Edmark Auto, Inc. v. Zurich American Insurance Co.
This text of Edmark Auto, Inc. v. Zurich American Insurance Co. (Edmark Auto, Inc. v. Zurich American Insurance Co.) is published on Counsel Stack Legal Research, covering Court of Appeals for the Ninth Circuit primary law. Counsel Stack provides free access to over 12 million legal documents including statutes, case law, regulations, and constitutions.
Opinion
NOT FOR PUBLICATION FILED UNITED STATES COURT OF APPEALS MAR 17 2022 MOLLY C. DWYER, CLERK U.S. COURT OF APPEALS FOR THE NINTH CIRCUIT
EDMARK AUTO, INC., an Idaho No. 21-35231 corporation; and CHALFANT CORP., an Idaho corporation, Case. No. 1:15-cv-00520-BLW
Plaintiffs-Appellees, MEMORANDUM* v.
ZURICH AMERICAN INSURANCE COMPANY, a New York corporation; and UNIVERSAL UNDERWRITERS SERVICE CORPORATION, a Delaware corporation,
Defendants-Appellants.
Appeal from the United States District Court for the District of Idaho B. Lynn Winmill, District Judge
Argued and Submitted March 7, 2022 Seattle, Washington
Before: NGUYEN, MILLER, and BUMATAY, Circuit Judges.

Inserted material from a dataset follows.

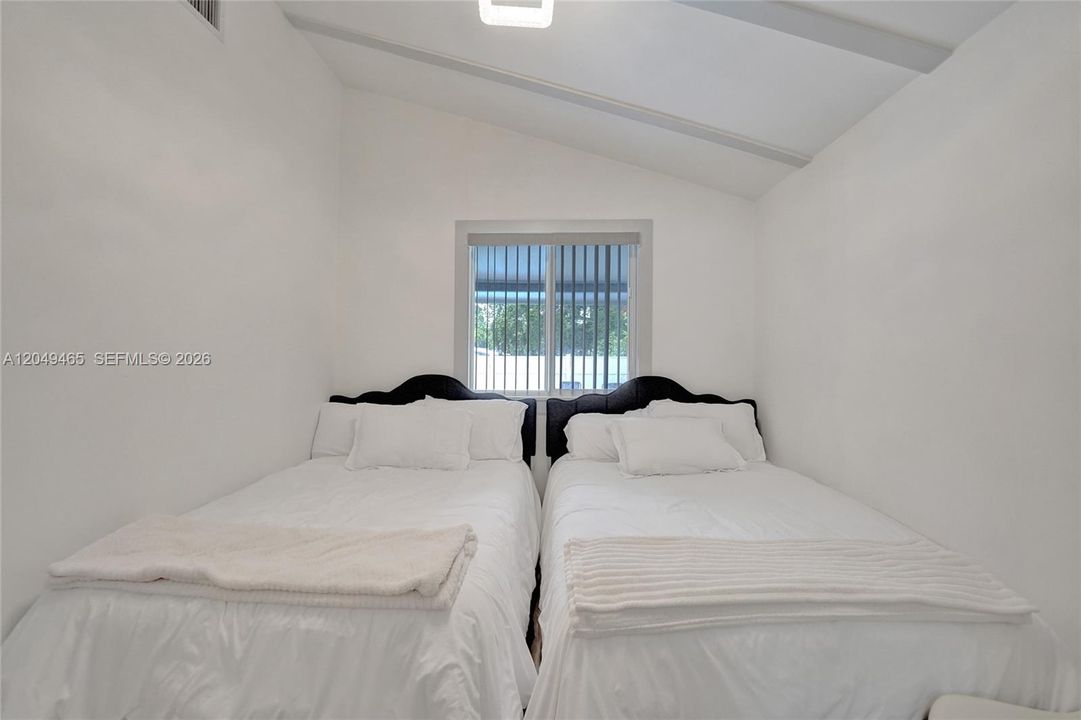 For Rent: $4,800 (3 beds, 3 baths, 1344 Square Feet)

Idaho car dealership groups Edmark Auto, Inc. and Chalfant Corporation
(“Dealers”) filed an action against insurance companies Universal Underwriters
Service Corporation and Zurich American Insurance Company (“Zurich”), alleging
* This disposition is not appropriate for publication and is not precedent except as provided by Ninth Circuit Rule 36-3. breach of contract, various tort and fraud theories, and unfair business practices
under the Idaho Consumer Protection Act. After an 11-day trial, a jury found in
favor of the Dealers and awarded them damages for breach of contract,
disgorgement, and punitive damages. Zurich now appeals the non-contract verdicts,
alleging a variety of errors. We have jurisdiction under 28 U.S.C § 1291, and we
affirm.
1. We affirm the jury’s verdict on the breach of fiduciary duty. Under
Idaho law, whether a fiduciary relationship exists is a question of law. Beaudoin v.
Davidson Tr. Co., 263 P.3d 755, 759 (Idaho 2011). We review the district court’s
determination that a fiduciary relationship existed between Dealers and Zurich under
Idaho law de novo. See Judd v. Weinstein, 967 F.3d 952, 955 (9th Cir. 2020).

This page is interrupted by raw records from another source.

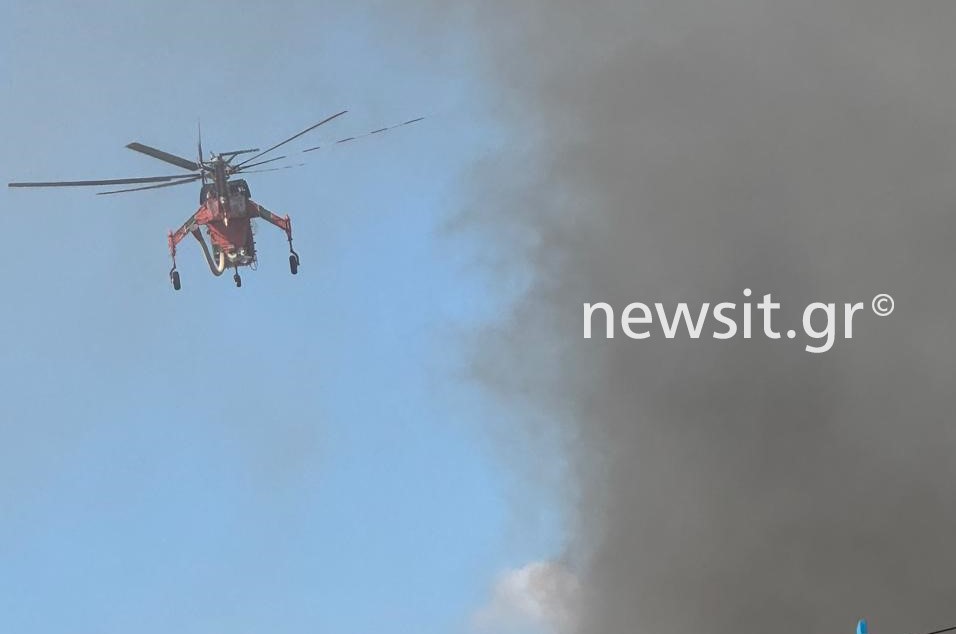 Ένας πυροσβέστης τραυματίστηκε στο πόδι στη φωτιά στο Πέραμα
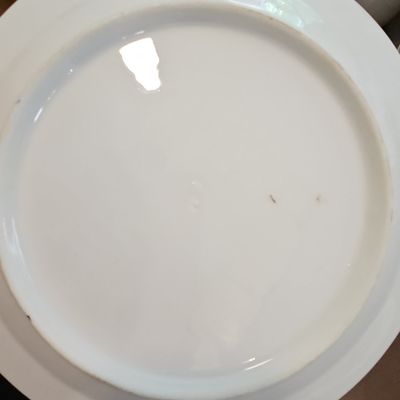 Sale Photo Thumbnail #252: Villeroy & Boch Luxembourg "Geo" Paneled Rim Dinner Plates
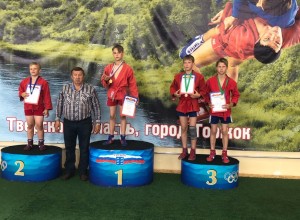 Вышневолоцкие самбисты завоевали медали на соревнованиях в Торжке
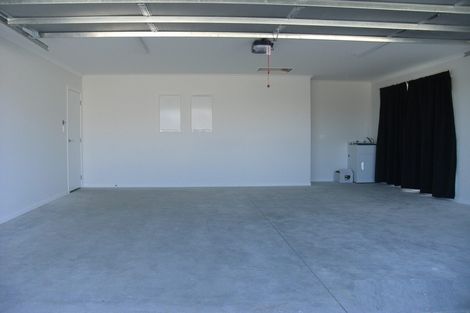 Photo of property in 112 Hinemoa Street, Levin, 5510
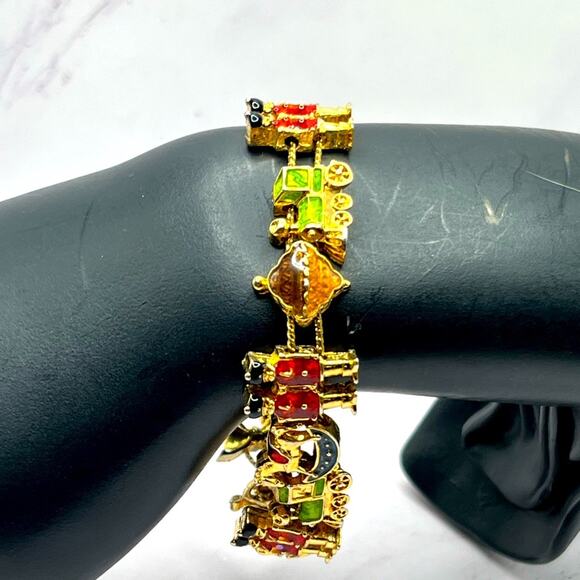 Vintage Avon Christmas slide charm bracelet - Picture 1 of 9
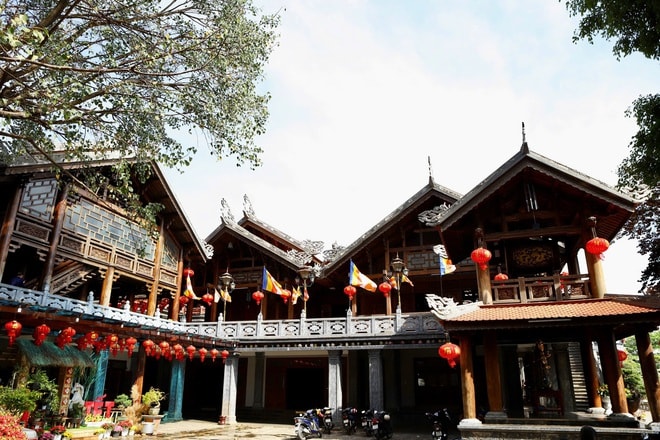 Rộn ràng chụp ảnh Tết tại ngôi chùa cuối cùng Việt Nam được phong Sắc tứ- Ảnh 7. Rộn ràng chụp ảnh Tết tại ngôi chùa cuối cùng Việt Nam được phong Sắc tứ- Ảnh 7.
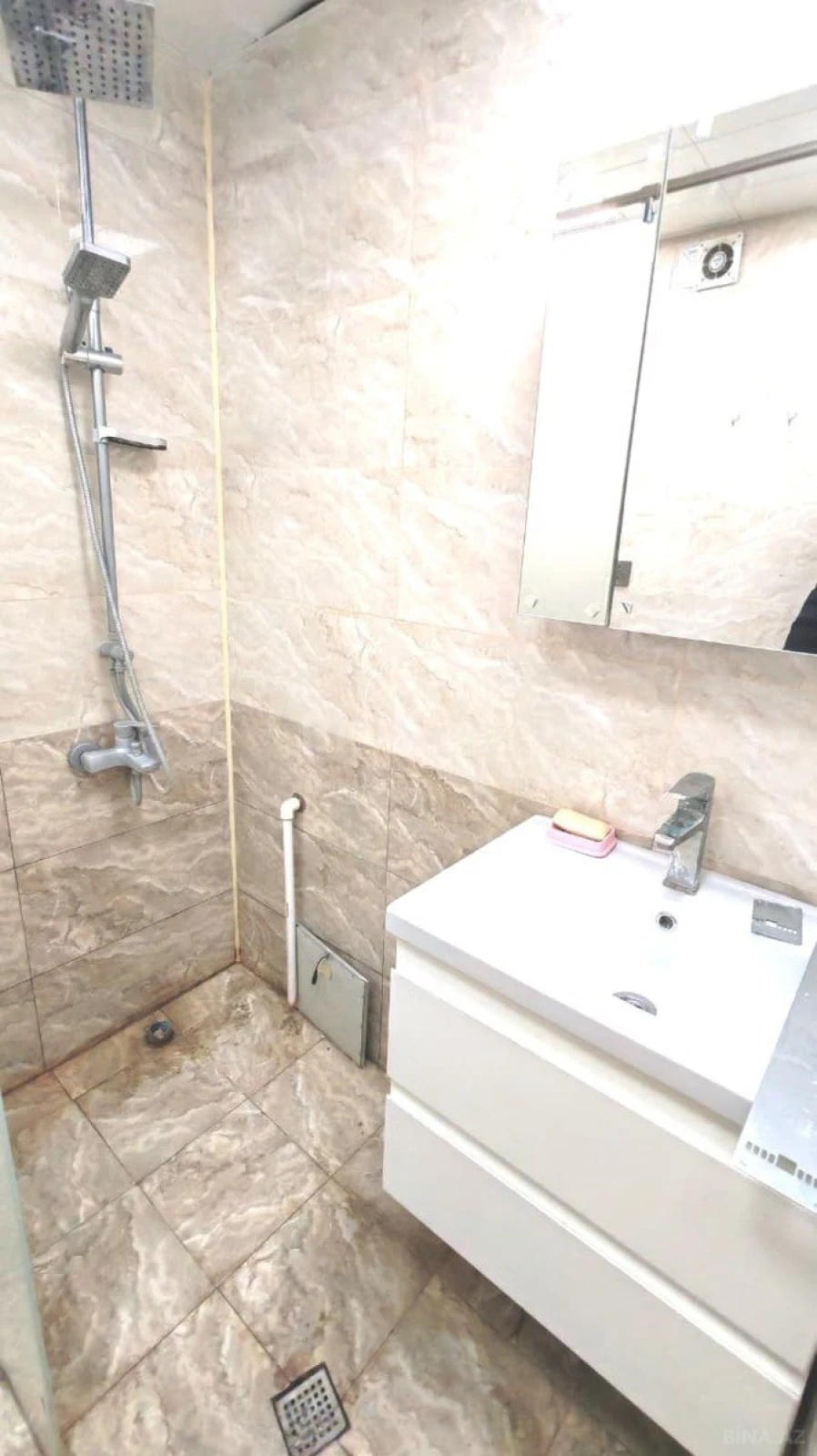 Satılır 2 otaqlı mənzil 55 m²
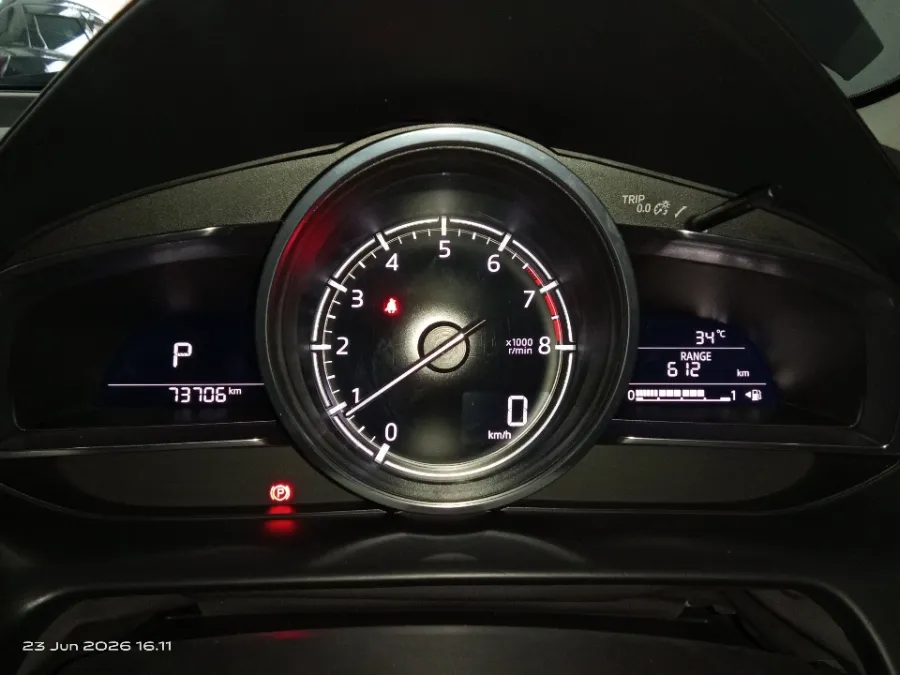 Foto Mobil Bekas Odometer Mazda CX-3 1.5 Sport tahun 2021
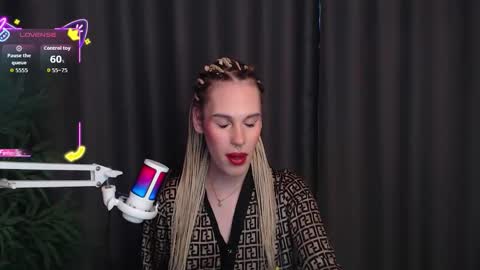 Cassie online show from December 18, 7:47 am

“Fiduciary relationships are commonly characterized by one party placing property
or authority in the hands of another, or being authorized to act on behalf of another.”
Beaudoin, 263 P.3d at 760 (simplified). “A fiduciary relationship does not depend
upon some technical relation created by or defined in law, but it exists in cases where
there has been a special confidence imposed in another who, in equity and good
conscience, is bound to act in good faith and with due regard to the interest of one
reposing the confidence.” Jones v. Runft, Leroy, Coffin & Matthews, Chartered, 873
P.2d 861, 868 (Idaho 1994) (simplified). “Generally speaking, where one party is
under a duty to act or to give advice for the benefit of the other upon a matter within
2 the scope of the relation, a fiduciary relationship exists.” City of Meridian v. Petra
Inc., 299 P.3d 232, 248 (Idaho 2013) (simplified).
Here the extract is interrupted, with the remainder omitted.